Une autre découverte est également porteuse d’espoir : Michel Nussenzweig, de l’Université Rockefeller de New York, a pu montrer que le nombre de cellules B à mémoire ne reste pas seulement élevé de manière constante après six mois. Les cellules forment également une variété de nouveaux anticorps, dont certains sont plus susceptibles d’être efficaces contre les mutations. C’est ce que montre une autre observation de Nussenzweig : un mois après la fin de l’infection, les cellules B de certains patients ne réagissaient pas à tous les variants du SRAS-CoV-2, alors qu’après six mois, elles reconnaissaient la plupart de ces mêmes variants. Cela montre que la réponse immunitaire après une infection ou une vaccination périmée évolue avec le temps, même sans contact répété avec le virus.

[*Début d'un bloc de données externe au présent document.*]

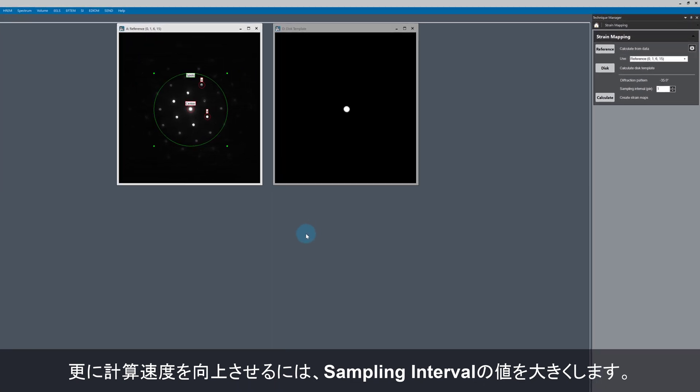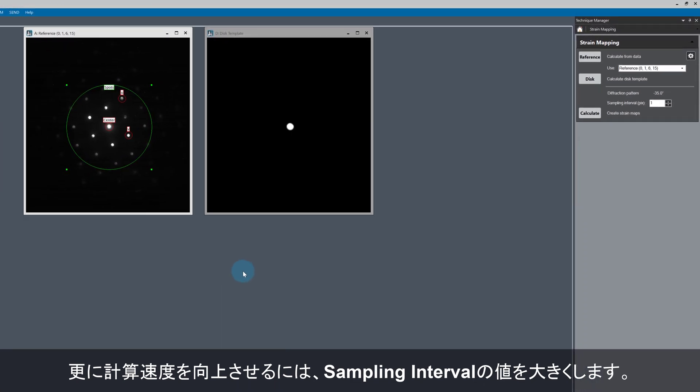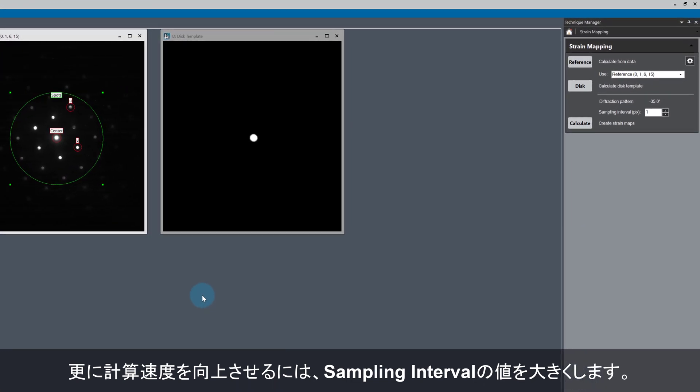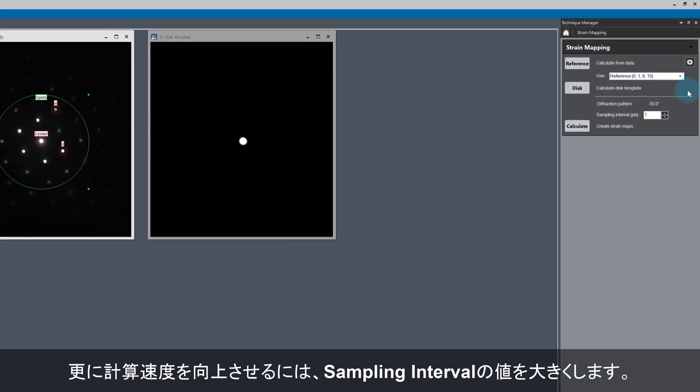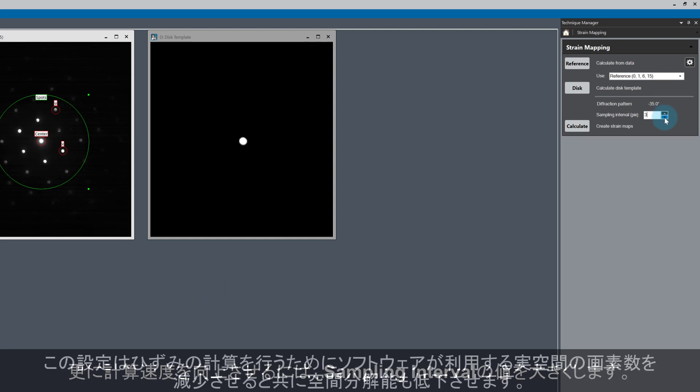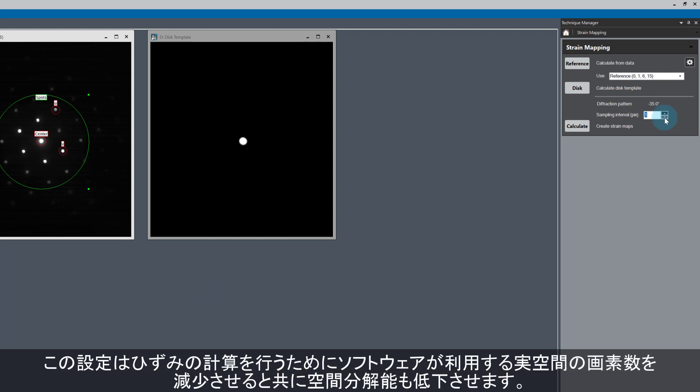The calculation time can also be reduced by increasing the sampling interval from 1 to a larger value. The number of pixels in real space will be skipped and you'll get strain maps quicker, but the compromise is a reduction in spatial resolution.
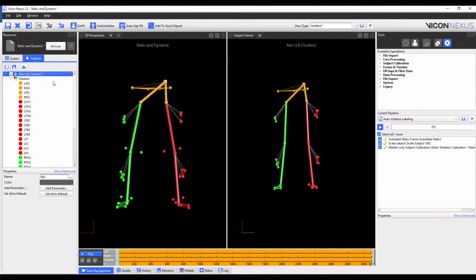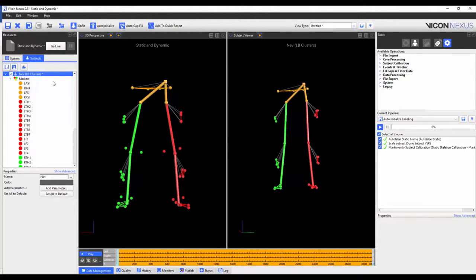Now that I have done a static calibration, I could either use this calibrated subject for auto labeling the dynamic trials, or I could perform a functional calibration to further optimize this subject. The decision as to which step to choose will likely depend on the quality of the original VST and how dynamic the movements are in the subsequent trials. This can usually be determined by performing a quick pilot test after creating your VST.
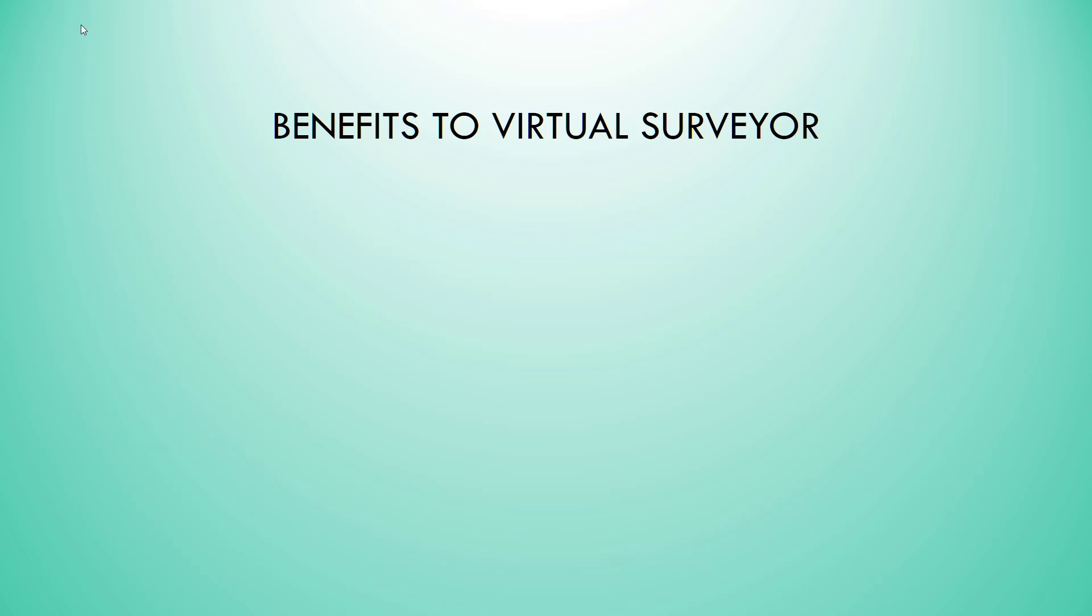The benefits to Virtual Surveyor are smaller file sizes. Most of the files will be smaller in size using the two raster files than the LAS file by itself. It is much easier to edit the terrain in Virtual Surveyor, such as removal of trees or buildings.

En outre, le virus ne sera pas mutable à l’infini. « La protéine spike en particulier, que la plupart des vaccins ciblent, remplit une fonction importante en s’arrimant aux cellules humaines. Si la protéine change trop, elle perdra cette capacité – le virus ne serait alors plus infectieux », explique Carlos Guzmán.

Toutefois, l’évolution du virus peut encore produire des variants ; car il  est encore loin d´être passé par toutes les possibilités de mutation, estime Carlos Guzmán. Par conséquent, d’autres variants vont probablement apparaître dans un avenir proche – et soulever de nouvelles questions.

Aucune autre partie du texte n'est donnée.